For each agent a DQN (Deep Q-Learning) loop is used for training, however, in this case the action performed by one agent has an effect on the action of the other and therefore the two agents are trained in parallel but in isolation which allows them to develop their own policies. However, their individual learning is augmented by exposing their actions indirectly to each other since they both observe a common state space. Even though this diagram presents the training of agent2 and to follow that of agent1, in practice these steps can be performed in parallel. In addition, during this training the two agents may be synchronized by using a common clock that timestamps the events that occur (the observations from the different state spaces) to ensure that the two agents are both observing their environment at the same time.
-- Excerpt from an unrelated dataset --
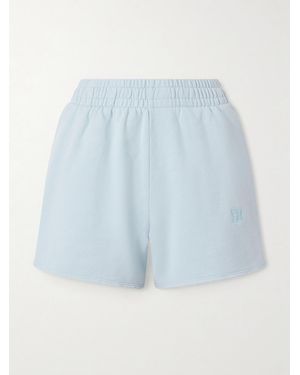 Anine Bing Kam Shorts Aus Baumwoll-Jersey Mit Stickerei - Blau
Steps 1 and 2—Agent1 and Agent 2 initiate the weights of their own DQN with a random distribution of values
Steps 3 and 4-Agent1 and Agent 2 initiate their corresponding buffers which will be used to record tuples of (old state, action, new state, reward) to train their corresponding DQN models.
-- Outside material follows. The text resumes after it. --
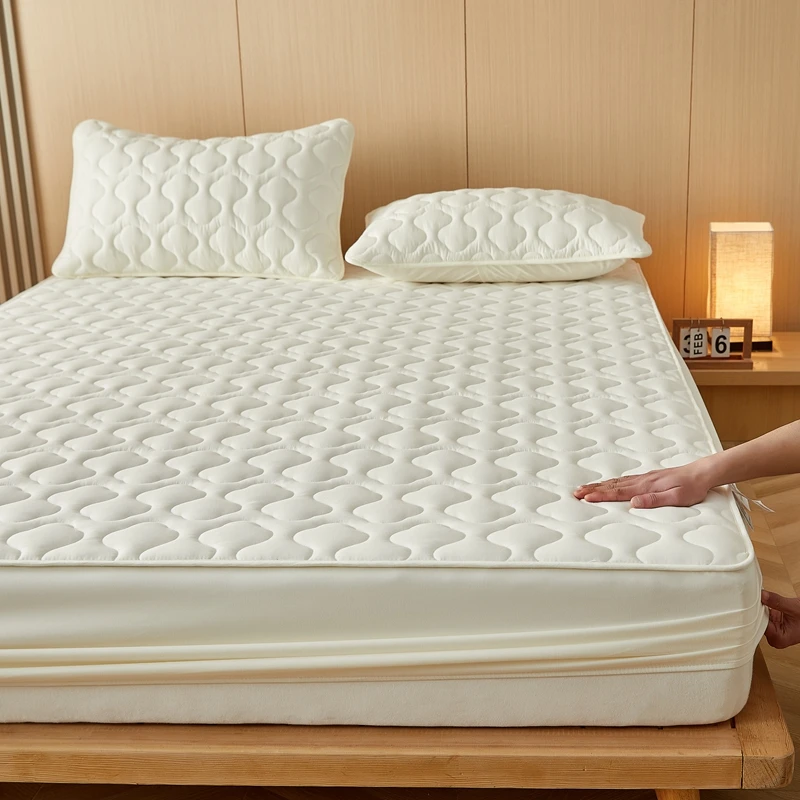 Хлопковый утолщенный чехол для матраса стеганый протектор дышащая натяжная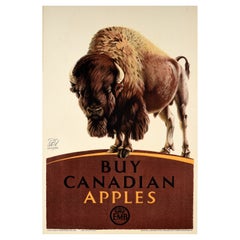 Cartel Vintage Original EMB Compra Manzanas Canadienses Empire Marketing Board Bison UK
Steps 5 to 12-Agent1 and Agent2 collect information about the state of the cold_water_source and the state of the hot_water_source. In addition, information about the state associated with Agent1 is included, for example in this case RRU or IoT radio utilization or CPU/GPU utilization, and so on as previously described.
Similarly information associated with Agent2 is included such as the battery temperature and operational mode.
Steps 13 to 28-Agent1 and Agent2 perform random actions (greedy policy suggests to take a random action with probability ε (in the unit interval [0, 1]) and the action that yields the highest reward max (Q(a)) with probability 1-ε). Once each action is performed by each agent then the agents observe again the state space, calculate their corresponding rewards, and record this experience as a tuple in the experience buffer which has been initialized in Steps 3 and 4.
Steps 29-32-In these steps a set of two different samples is extracted from each experience buffer (for the same timeframe) to train the two agents
Steps 33-44—These steps are similar to the training phase described previously, but now the DQNs are no longer trained but instead rely on their predictions to perform an action as opposed to choosing based on the ε-greedy policy described previously.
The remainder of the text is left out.